What resources are online to help me work with the KFS data?

There are several resources online to help you in working with these data.

  • There is a document called "Study Metadata Documentation", which gives a variable list with the variable name, its label/description, and information such as the type of variable and format. It is a data dictionary/codebook.
  • There are four annotated questionnaires, which contain the surveys themselves, as well as the associated variable names with each survey question. You can find these documents, in addition to many other documents that you might find helpful as well, by clicking on SSRN.
  • Additionally, the Kauffman Foundation has sponsored a series of webinars which are available for researchers wanting to use the data: Common researcher questions and research presentations from scholars.

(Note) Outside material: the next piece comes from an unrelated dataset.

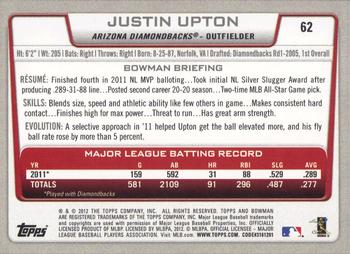 2012 Bowman #62 Justin Upton Back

What are the endings on many of the variables?

Variable names in the longitudinal dataset are similar between the Baseline, First Follow-Up, Second Follow-Up, and Third Follow-Up Surveys. With the exception of MPRID and the credit risk variables, all variables in the data file will have a suffix that corresponds to a round of data collection. Baseline variables contain an _0 suffix, First Follow-Up variables contain an _1 suffix, Second Follow-Up variables contain an _2 suffix, and Third Follow-Up variables contain an _3 suffix.

*** Please note that these variable names differ from the dataset released in 2008 in which Baseline variables did not have a suffix, First Follow-Up data had an _f suffix, and the Second Follow-Up data had an _s suffix. The new suffixes ( _0- _3) should allow easier incorporation of each new year of data as it becomes available ( _4 - _7).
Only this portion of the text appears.